## Task goal
The answer is the exact run of lines in the listing below from the line containing "NWT Cider Solid" up to and including the line containing "GEMOUR Yellow Gold", with pictures removed.

## Given records
>>>>>

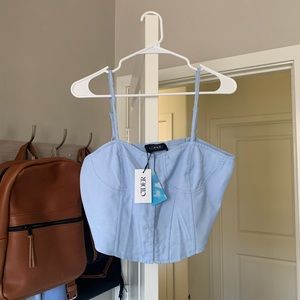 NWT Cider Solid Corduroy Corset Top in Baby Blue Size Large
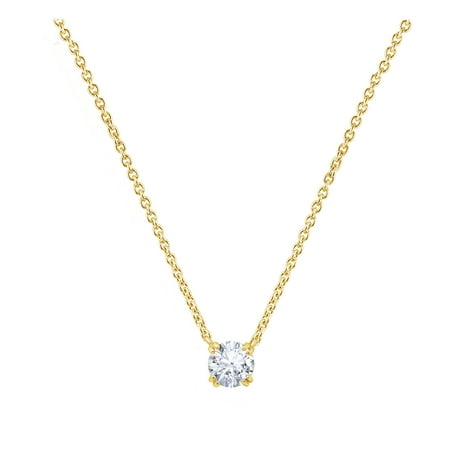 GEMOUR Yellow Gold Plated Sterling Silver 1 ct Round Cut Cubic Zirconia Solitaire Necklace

<<<<<
>>>>>

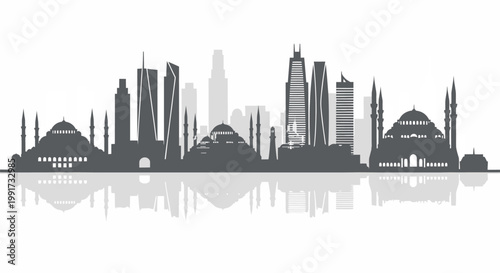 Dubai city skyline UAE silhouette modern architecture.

<<<<<

## Response area
 NWT Cider Solid Corduroy Corset Top in Baby Blue Size Large
 GEMOUR Yellow Gold Plated Sterling Silver 1 ct Round Cut Cubic Zirconia Solitaire Necklace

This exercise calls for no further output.